> Data:
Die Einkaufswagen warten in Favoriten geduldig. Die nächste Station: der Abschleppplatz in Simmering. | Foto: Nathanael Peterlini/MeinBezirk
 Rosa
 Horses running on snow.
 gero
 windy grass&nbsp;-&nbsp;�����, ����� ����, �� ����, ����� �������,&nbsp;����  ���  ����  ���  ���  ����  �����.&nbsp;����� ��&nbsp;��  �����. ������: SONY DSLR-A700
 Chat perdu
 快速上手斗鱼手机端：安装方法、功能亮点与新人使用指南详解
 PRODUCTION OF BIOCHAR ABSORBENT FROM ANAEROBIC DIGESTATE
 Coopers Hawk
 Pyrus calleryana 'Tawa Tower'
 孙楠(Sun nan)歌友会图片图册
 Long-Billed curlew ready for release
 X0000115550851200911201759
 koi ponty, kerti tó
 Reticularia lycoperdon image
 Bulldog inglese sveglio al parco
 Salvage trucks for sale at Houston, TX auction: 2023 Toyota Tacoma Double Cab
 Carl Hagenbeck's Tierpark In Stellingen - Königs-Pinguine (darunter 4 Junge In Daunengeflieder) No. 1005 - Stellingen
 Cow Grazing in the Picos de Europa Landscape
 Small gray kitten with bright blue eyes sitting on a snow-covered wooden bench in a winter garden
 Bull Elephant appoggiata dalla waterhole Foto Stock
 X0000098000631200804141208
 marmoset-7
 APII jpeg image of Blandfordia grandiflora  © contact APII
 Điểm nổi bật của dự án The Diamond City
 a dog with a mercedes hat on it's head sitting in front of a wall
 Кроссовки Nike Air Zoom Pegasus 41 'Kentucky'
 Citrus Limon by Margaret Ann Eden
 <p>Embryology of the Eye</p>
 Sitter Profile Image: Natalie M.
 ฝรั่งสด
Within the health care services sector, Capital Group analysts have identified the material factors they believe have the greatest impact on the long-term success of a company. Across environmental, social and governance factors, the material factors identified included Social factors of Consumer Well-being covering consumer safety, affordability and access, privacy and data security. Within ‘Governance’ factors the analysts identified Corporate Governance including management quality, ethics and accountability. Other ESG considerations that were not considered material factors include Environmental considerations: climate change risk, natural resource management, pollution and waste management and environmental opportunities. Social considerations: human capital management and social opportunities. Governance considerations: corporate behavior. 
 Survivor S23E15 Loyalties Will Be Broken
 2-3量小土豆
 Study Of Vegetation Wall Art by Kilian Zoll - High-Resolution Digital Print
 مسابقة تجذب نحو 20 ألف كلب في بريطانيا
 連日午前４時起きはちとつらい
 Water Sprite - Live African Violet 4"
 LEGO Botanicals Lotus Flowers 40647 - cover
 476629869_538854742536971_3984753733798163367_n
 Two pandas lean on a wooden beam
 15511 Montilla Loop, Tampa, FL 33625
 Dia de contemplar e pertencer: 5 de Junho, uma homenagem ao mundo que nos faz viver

> Required action: Please give back exactly the lines of this listing beginning at the line with "Survivor S23E15 Loyalties Will Be Broken" and ending with the line with "Water Sprite - Live", both included, and nothing else.

> Expected output:
 Survivor S23E15 Loyalties Will Be Broken
 2-3量小土豆
 Study Of Vegetation Wall Art by Kilian Zoll - High-Resolution Digital Print
 مسابقة تجذب نحو 20 ألف كلب في بريطانيا
 連日午前４時起きはちとつらい
 Water Sprite - Live African Violet 4"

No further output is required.